Am 18.07.2005 um 23:21 schrieb Mark Nottingham:
On 18/07/2005, at 2:17 PM, Stefan Eissing wrote:
On a more semantic issue:
The described sync algorithm will work. In most scenarios the abort
condition (e.g. all items on a historical feed are known) will also
do the job. However this still means that clients need to check the
first fh:prev document if they know all entries there - if my
understanding is correct.
This is one of the unanswered questions that I left out of scope. The
consumer can examine the previous archive's URI and decide as to
whether it's seen it or not before, and therefore avoid fetching it if
it already has seen it. However, in this approach, it won't see
changes that are made in the archive (e.g., if a revision -- even a
spelling correction -- is made to an old entry); to do that it either
has to walk back the *entire* archive each time, or the feed has to
publish all changes -- even to old entries -- at the head of the feed.

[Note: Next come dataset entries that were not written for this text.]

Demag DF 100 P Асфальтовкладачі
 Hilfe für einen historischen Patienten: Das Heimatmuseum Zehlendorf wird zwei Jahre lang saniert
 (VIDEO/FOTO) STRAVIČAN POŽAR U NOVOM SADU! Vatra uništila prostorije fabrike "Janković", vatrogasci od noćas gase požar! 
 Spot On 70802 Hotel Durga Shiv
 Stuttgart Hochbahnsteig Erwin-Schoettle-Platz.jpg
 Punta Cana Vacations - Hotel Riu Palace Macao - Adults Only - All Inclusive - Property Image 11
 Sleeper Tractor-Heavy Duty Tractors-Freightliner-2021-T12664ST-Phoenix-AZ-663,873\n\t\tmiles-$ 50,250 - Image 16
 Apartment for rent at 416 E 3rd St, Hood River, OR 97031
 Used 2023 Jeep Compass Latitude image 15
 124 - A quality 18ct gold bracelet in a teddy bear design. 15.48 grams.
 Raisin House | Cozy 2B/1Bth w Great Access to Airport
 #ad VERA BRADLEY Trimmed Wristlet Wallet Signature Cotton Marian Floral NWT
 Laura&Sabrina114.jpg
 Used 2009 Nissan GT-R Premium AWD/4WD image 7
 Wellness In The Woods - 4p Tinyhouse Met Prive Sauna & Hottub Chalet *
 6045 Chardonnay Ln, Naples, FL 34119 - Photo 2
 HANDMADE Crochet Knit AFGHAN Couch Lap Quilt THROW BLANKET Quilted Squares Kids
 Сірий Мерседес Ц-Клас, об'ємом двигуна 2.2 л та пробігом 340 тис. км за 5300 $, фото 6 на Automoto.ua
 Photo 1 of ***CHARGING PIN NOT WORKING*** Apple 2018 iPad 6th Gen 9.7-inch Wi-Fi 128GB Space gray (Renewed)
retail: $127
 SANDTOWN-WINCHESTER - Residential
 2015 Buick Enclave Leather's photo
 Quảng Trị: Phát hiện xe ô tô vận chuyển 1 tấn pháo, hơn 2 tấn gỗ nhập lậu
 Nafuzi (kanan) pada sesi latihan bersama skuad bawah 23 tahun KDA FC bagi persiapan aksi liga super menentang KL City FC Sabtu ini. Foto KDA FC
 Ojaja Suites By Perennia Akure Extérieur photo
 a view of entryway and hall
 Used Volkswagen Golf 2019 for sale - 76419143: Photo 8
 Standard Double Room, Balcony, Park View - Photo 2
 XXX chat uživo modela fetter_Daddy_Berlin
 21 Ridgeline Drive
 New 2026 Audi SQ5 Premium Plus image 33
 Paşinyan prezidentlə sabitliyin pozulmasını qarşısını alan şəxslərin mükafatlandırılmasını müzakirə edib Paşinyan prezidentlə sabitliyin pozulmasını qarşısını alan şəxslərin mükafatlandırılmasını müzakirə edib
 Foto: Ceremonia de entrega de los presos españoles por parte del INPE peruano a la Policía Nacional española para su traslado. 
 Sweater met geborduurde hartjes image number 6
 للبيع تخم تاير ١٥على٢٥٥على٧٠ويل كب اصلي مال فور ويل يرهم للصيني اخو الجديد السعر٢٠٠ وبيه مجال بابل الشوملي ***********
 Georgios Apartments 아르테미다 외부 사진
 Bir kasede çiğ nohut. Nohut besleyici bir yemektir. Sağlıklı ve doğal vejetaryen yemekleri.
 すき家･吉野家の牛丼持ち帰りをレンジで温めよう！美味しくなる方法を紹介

I left it out because it has more to do with questions about entry
deleting and ordering than with recovering state. it's an arbitrary
decision (I had language about this in the original Pace I made), but
it seemed like a good trade-off between complexity and capability.
It is a valid starting point. I am just wondering what consequences it
has on client implementations. Let's say CNN goes stateful, how would a
client handle a history which soon consists of thousands of entries.
How would a server best offer such a history to avoid clients
retrieving it over and over again. Probably nobody has a good idea on
that one, or?
I have the feeling that clients will need to protect themselves from
servers with almost infinite histories. So a client will probably offer
a XX days into the past, max NN entries setting in its UI. Maybe that
is all that's needed.
How about:
"In case feeds are served via HTTP, server implemenations SHOULD offer
ETag and Last-Modified headers on history documents (see RFC 2616 xxx).
Clients SHOULD persist ETag and Last-Modified information and use If-*
headers to ease server load on history synchronization."